How to Survive Tax Season and College

February 7, 2012

During our college years we are faced with numerous stresses such as studying for a mid-term exam or how you’re going to get by with a tight budget. Every year, however, we must be faced with the inevitable…tax season.

We realize how sometimes taxes can get confusing, so to help you keep the IRS from knocking on your door, here are a few tips to help you survive the upcoming tax season:

You need to file your taxes if you did any of the following:

  • Earned wages for the current tax year
  • Made tips
  • Earned self-employed income that’s more than $400
  • Was paid “under the table”
  • Received dividends from stocks and any other investment
  • Accrued from your saving or checking account
  • Applied scholarship, fellowship and/or federal grant funds to anything other than tuition and books
  • You’re here on a visa
  • Fill out your student loan form early.
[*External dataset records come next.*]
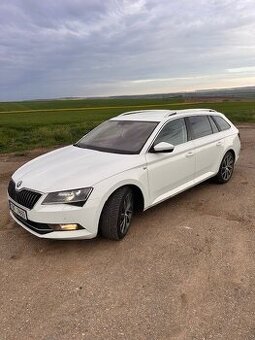 Škoda Superb sportline 2016 2,0tdi 140kw 4x4 395k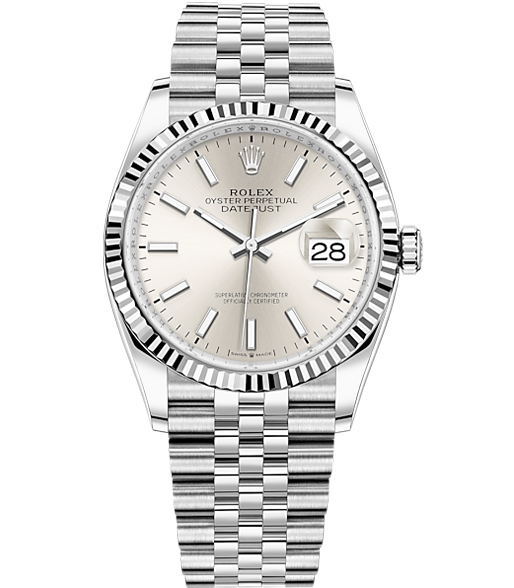 Rolex Datejust 36, 126234-0013【1:1 Replica】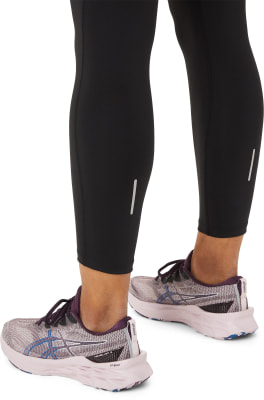Asics RACE High Waist Tight běžecké kalhoty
The Free Application for Federal Student Aid (FAFSA) is a way to get student loans. However, it’s given out on a first-come, first-serve basis, so you need to fill it out early. There are many different types of aid you can be rewarded with such as federal loans, state grants and college scholarships.
  • If you aren’t claimed on your parents taxes and make less than $65,000 per year, then you can reduce up to $4,000 for qualified college expenses, such as tuition and mandatory fees.
  • If you took out a private education loan or a federal PLUS loan to help with additional costs for college, then you can claim up to $2,500. You can claim costs on your:
    • Books
    • Tuition
    • Room and board
    • Gas for your commute to school and back
    • Moving expenses
    • Supplies (Example: Art supplies, camera, tools for design, etc.)
    • Software
    • Grads looking for work can deduct costs as well. You can subtract things like resume printing, employment and agency fees, and transportation expenses for interviewing.
    • It’s important once you get your refund to save it. As a college student, money can be tight and you may be tempted to spend it. But try not to.

It’s important to keep track of your expenses throughout college and throughout your life. Keep your receipts on things you know you can claim. This will get you into a good habit once you graduate and enter into the working force.